● Stored data:
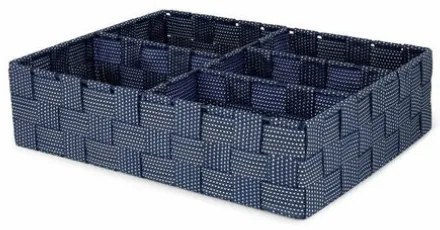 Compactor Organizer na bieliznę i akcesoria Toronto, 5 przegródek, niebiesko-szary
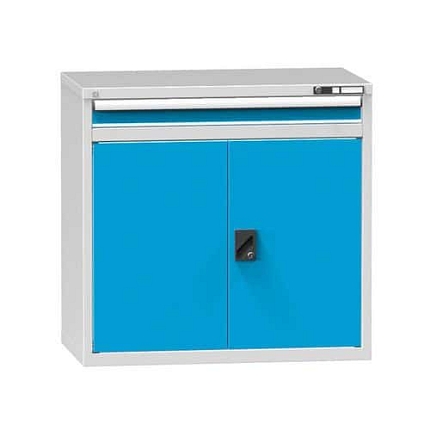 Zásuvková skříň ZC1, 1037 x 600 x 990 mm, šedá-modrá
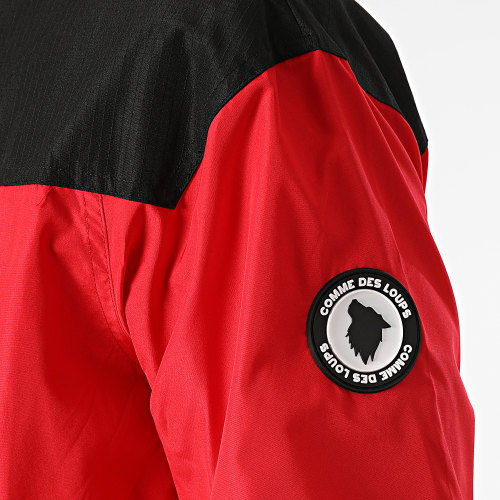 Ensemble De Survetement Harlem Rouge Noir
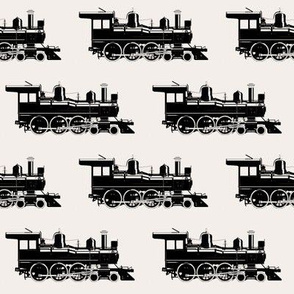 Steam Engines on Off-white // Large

● Task: No pictures go in the copy. Set down all the data exactly.

● Finished task:
 Compactor Organizer na bieliznę i akcesoria Toronto, 5 przegródek, niebiesko-szary
 Zásuvková skříň ZC1, 1037 x 600 x 990 mm, šedá-modrá
 Ensemble De Survetement Harlem Rouge Noir
 Steam Engines on Off-white // Large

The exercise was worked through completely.